Dans tous les cas, le SEV n'a jamais trouvé que les externalisations étaient souhaitables pour une entreprise étatique et les a plutôt jugées par rapport à leurs répercussions sur le personnel. Les collaborateurs et collaboratrices de CFF Cargo ont dû sans cesse s'adapter à des changements de structures, de processus et d'exigences, tout en garantissant parallèlement la fiabilité du fret ferroviaire. C’est leurs connaissances professionnelles et leur engagement quotidien qui ont joué un rôle central et permis à CFF Cargo d'avoir des perspectives d'avenir aujourd'hui. «La réintégration de CFF Cargo contribue à ce que l'ensemble du personnel du groupe CFF soit traité sur un pied d'égalité, ce qui est très important et doit être également l'objectif des autres filiales des CFF», affirme Patrick Kummer.
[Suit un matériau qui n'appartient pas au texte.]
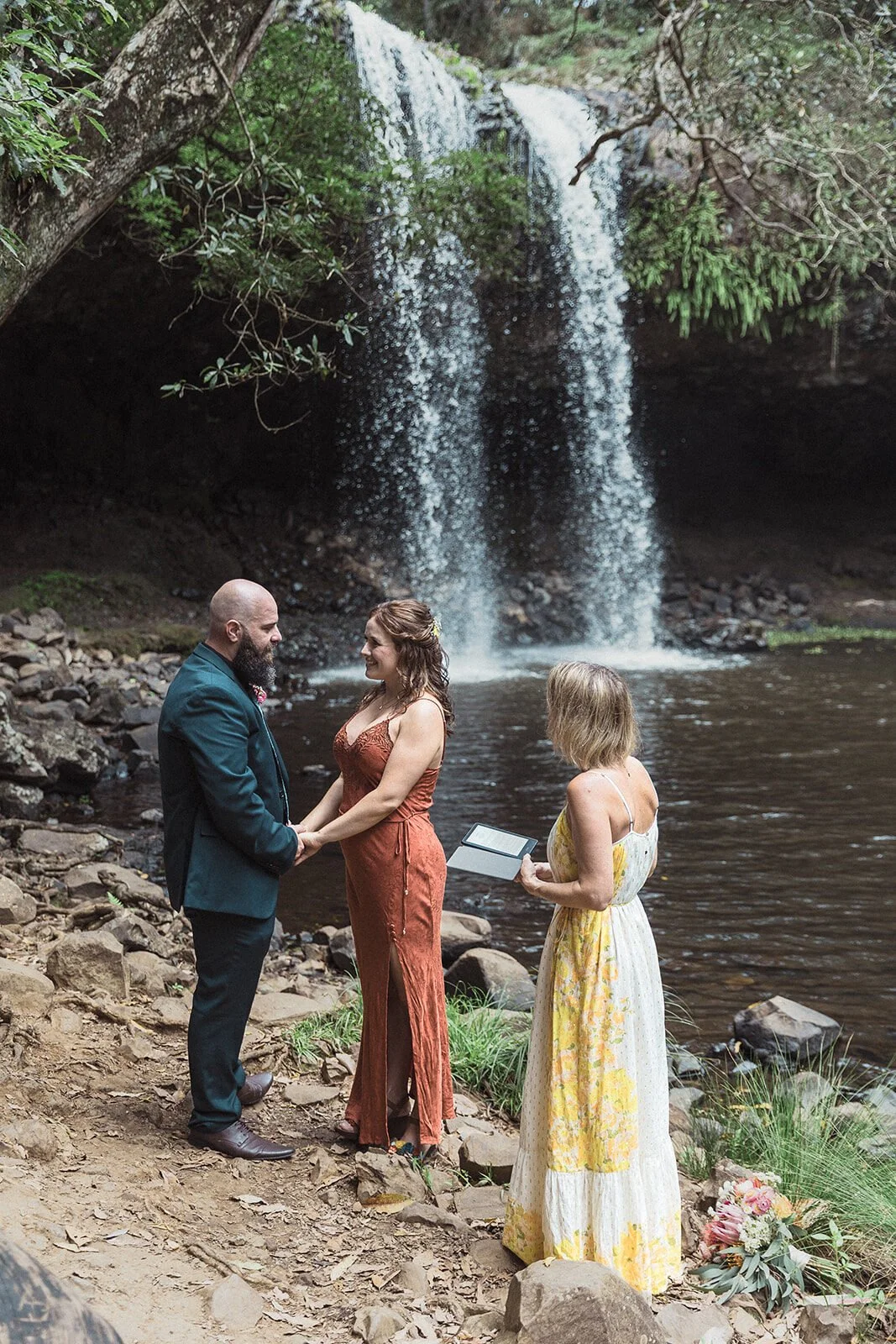 Couple exchanging vows with the celebrant at the waterfall pool, Sara and Graeme's elopement at Killen Falls, Northern Rivers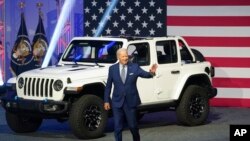 President Joe Biden arrives to speak at the North American International Auto Show in Detroit, Michigan, Sept. 14, 2022.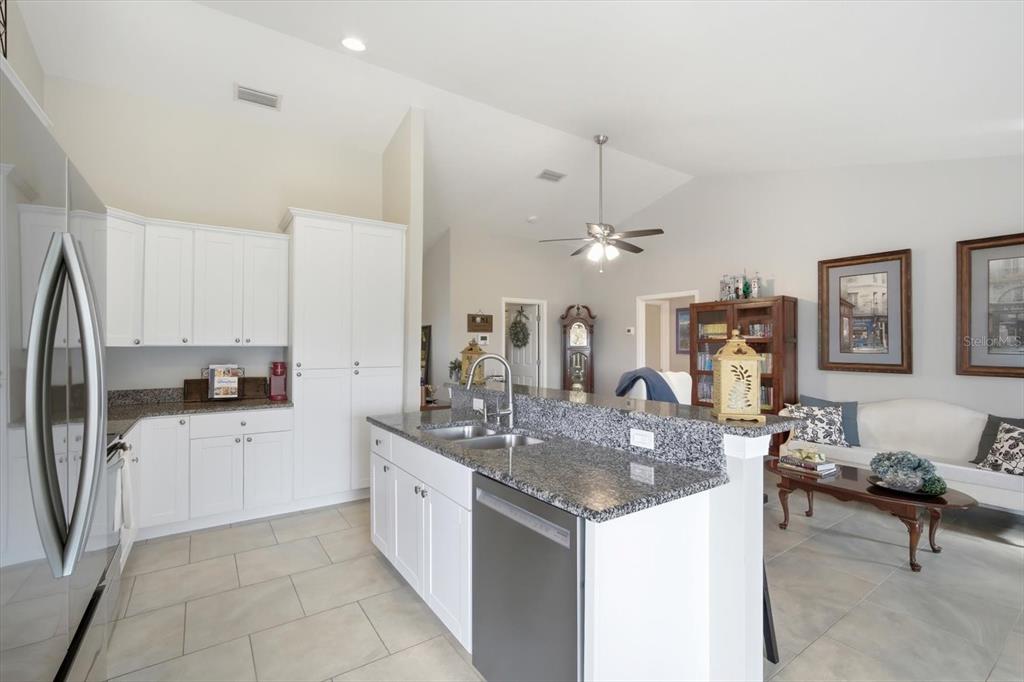 846 Birdie Way Apollo Beach, FL 33572 - Photo 12 of 31 a kitchen with stainless steel appliances kitchen island granite countertop a sink and cabinets
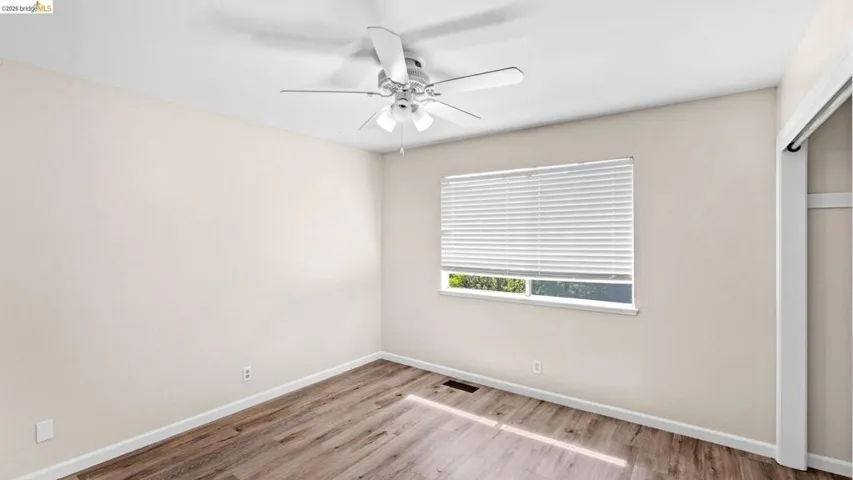 Unfurnished bedroom featuring a closet, light wood-style flooring, and a ceiling fan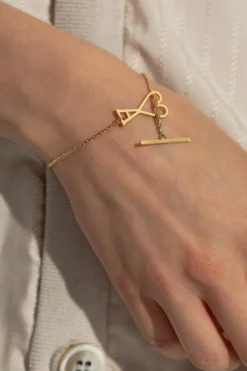 Ami Alexandre Mattiussi ZŁOTY Bransoleta z zawieszka w kształcie logo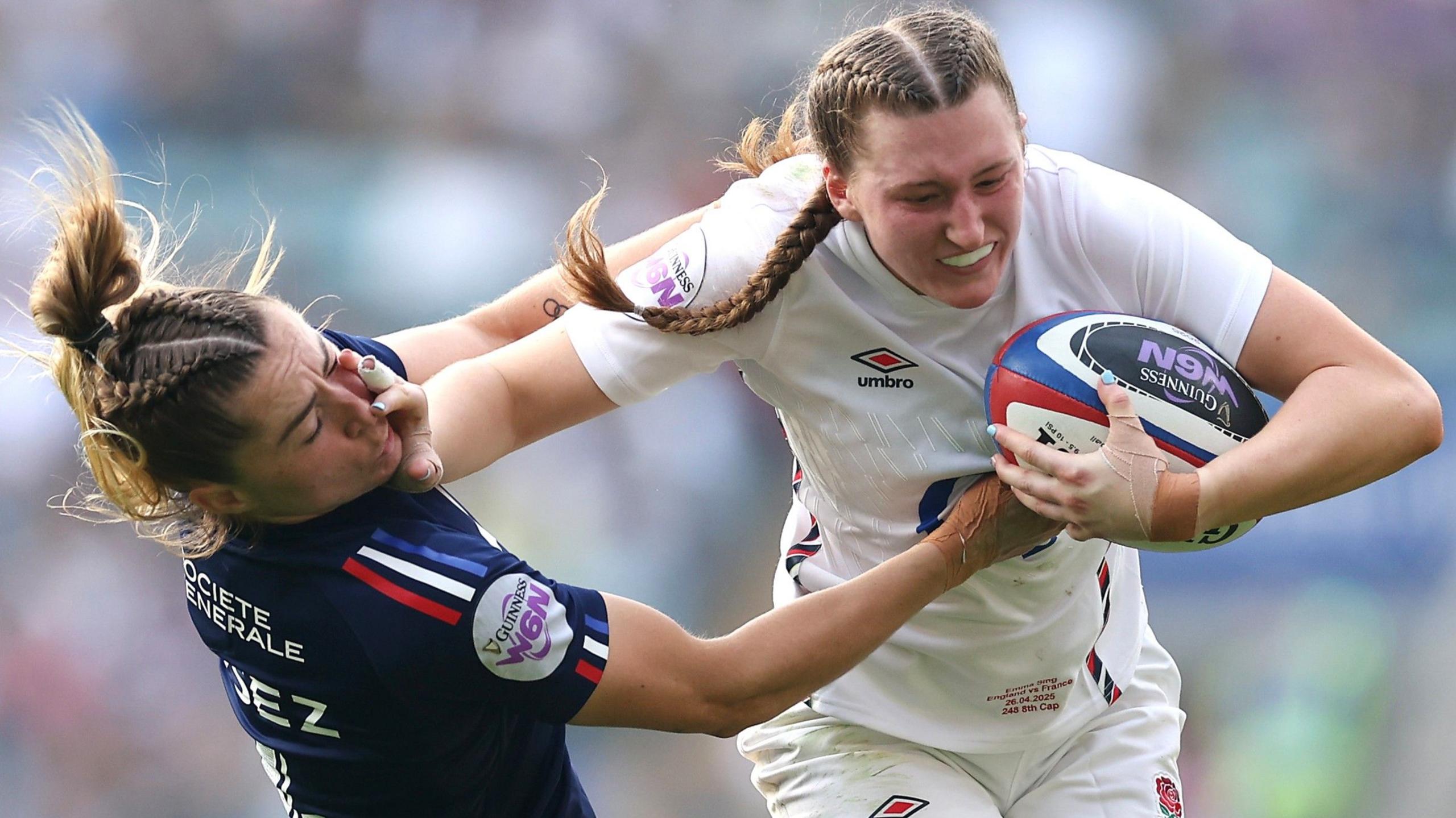 England full-back Emma Sing hands off France's Joanna Grisez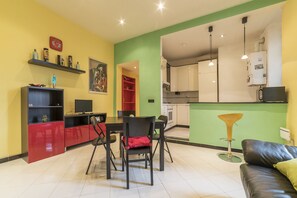 Un salon moderne comprenant un coin repas, une cuisine et un fauteuil rouge et noir avec un coussin rouge.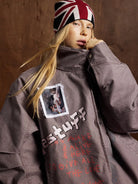 Young person wearing the Graphic Graffiti High Neck Street Jacket with bold streetwear graphics, high collar, and edgy, urban style, featuring RESTUFF and expressive phrases.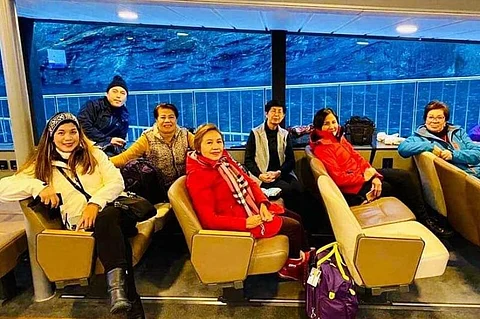 NORWAY. Relaxing inside a liner that brought us on a fjord tour are: Arlene S., Erwin, Emma, the author, Genie, Arlene M., and Zeny. (Photo by Debb Bautista)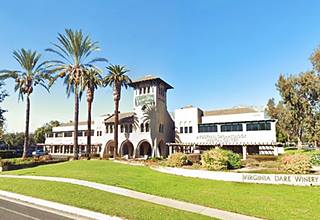 Virginia Dare Winery Business Center, 2024, US66 Cucamonga building with tower and Spanish tiled roofs, palm trees and lawn, color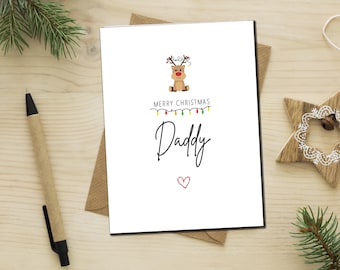 Op de afbeelding: Een witte kerstkaart met een cartoon rendier met een rode neus en gewei. De kaart zegt "Merry Christmas Daddy" met een reeks gekleurde lampjes en een rood hart.
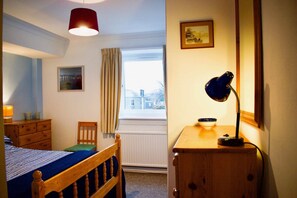 A bedroom with a bed, a wooden dresser, a desk with a lamp, a chair, a window with curtains, and a framed picture on the wall. - Welcoming and Homely 2 Bed in Central Location (Edinburgh)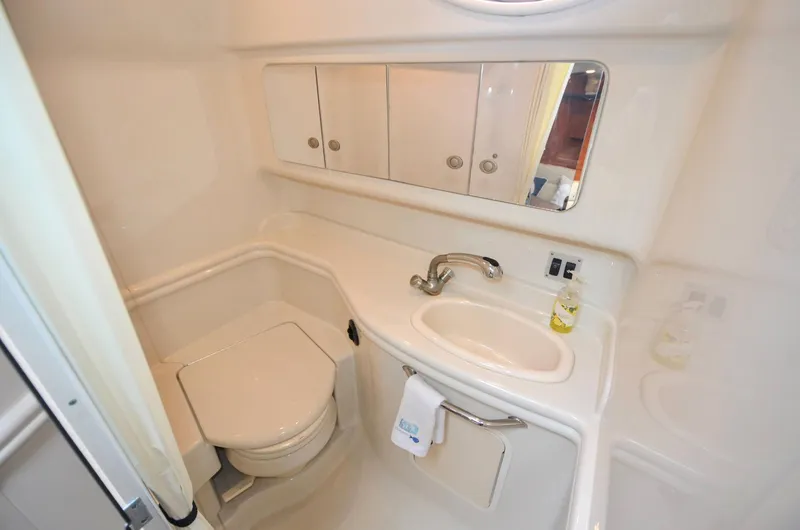 Slide: The Image of 2007 Sea Ray 340 Sundancer bathroom with sink, mirror, and toilet. - 10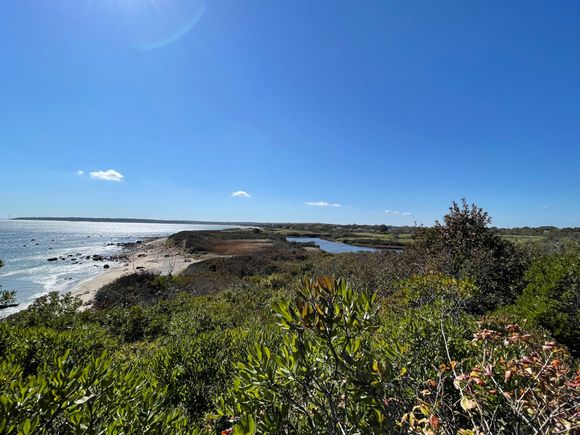 Pond, ocean and sky.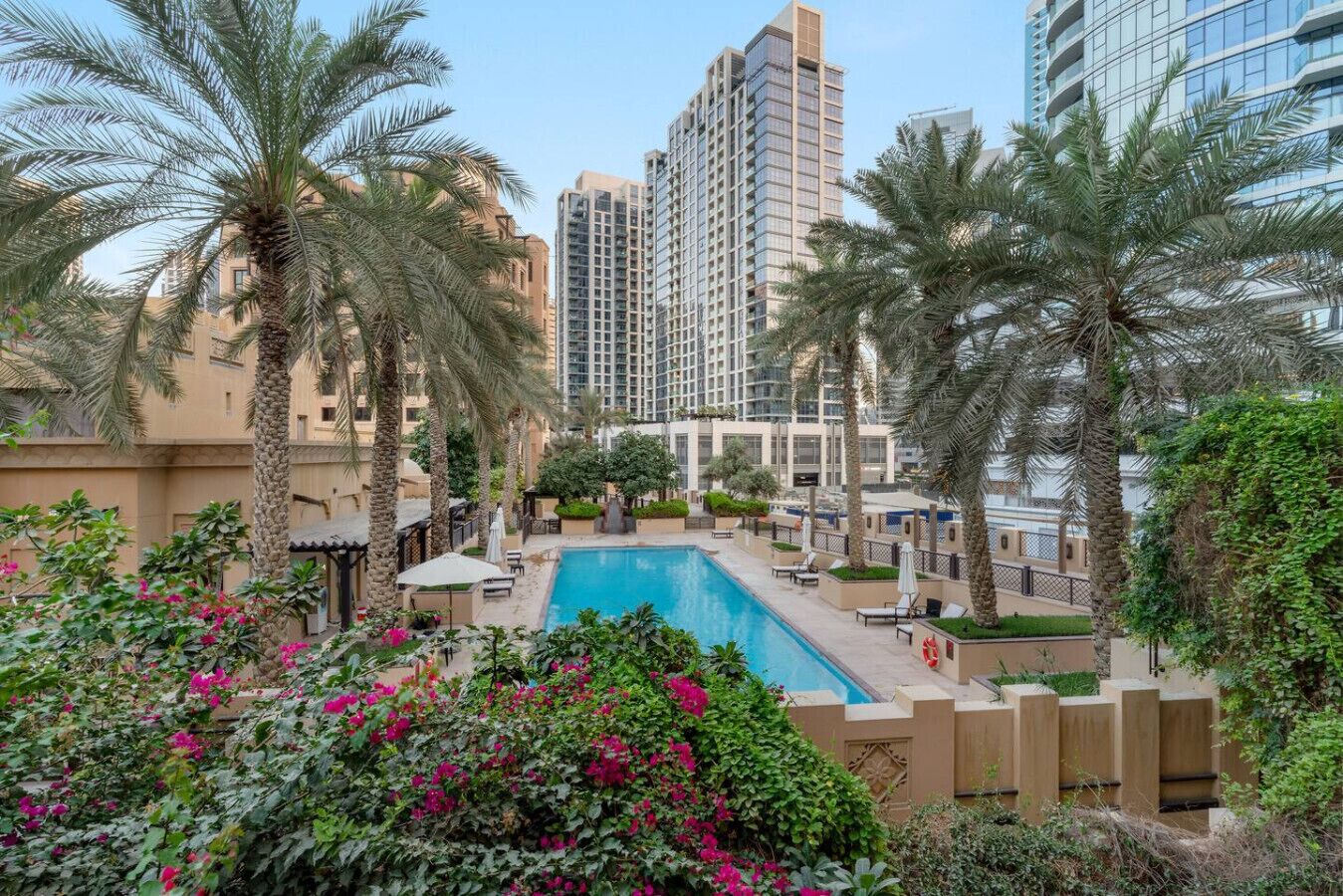 A pool area with palm trees and a view of high-rise buildings.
Lors de la fondation de CFF Cargo International en 2010, la position du SEV était également très claire: de nouvelles structures d'entreprise ne doivent pas faire en sorte que les conditions de travail se détériorent ni que les standards du partenariat social ne soient pas respectés. Parallèlement, le SEV a demandé sans cesse une collaboration plus étroite et plus contraignante entre les filiales Cargo des CFF. Même si désormais CFF Cargo est à nouveau traité comme une division des CFF, la collaboration avec Cargo International doit sensiblement s'améliorer.

La réintégration - une opportunité

Pour le SEV, les expériences de ces dernières années le démontrent amplement: ce n'est pas la forme juridique qui détermine le succès du trafic marchandises par rail aux CFF. Ce qui est important, c'est une stratégie à long terme, des conditions-cadre politiques et d'entreprise fiables ainsi que de bonnes conditions de travail pour une main-d'oeuvre qualifiée.

Le SEV voit une opportunité dans cette réintégration. Elle peut éliminer les interfaces ainsi que les doublons inutiles et créer de vraies synergies, notamment dans la formation, l'évolution professionnelle et la conservation du savoir-faire.

Après de nombreuses années d'inquiétude, elle offre une possibilité de stabiliser à long terme le fret ferroviaire des CFF et de garantir à nouveau aux salarié·es davantage de sécurité ainsi que des perspectives d'avenir. Si on veut que le transport ferroviaire des marchandises soit solide, il faut également de bonnes conditions de travail et des salarié·es qui disposent de perspectives d'avenir fiables.

«Et il faut veiller à ce que CFF Cargo ne soit pas à nouveau perdant face aux conflits d'intérêt dans le groupe, mais au contraire puisse se développer au sein du groupe afin de conserver le savoir-faire ainsi que les emplois et enfin acquérir des parts sur le marché du fret en croissance à long terme. », affirme Philipp Hadorn, secrétaire syndical SEV responsable du dossier Cargo. «Et donner ainsi enfin un nouvel élan au transfert du trafic de la route au rail. Il s'agit dès lors de stopper le projet de réorganisation G-enesis et la simplification de la palette d'offres qu'il implique.»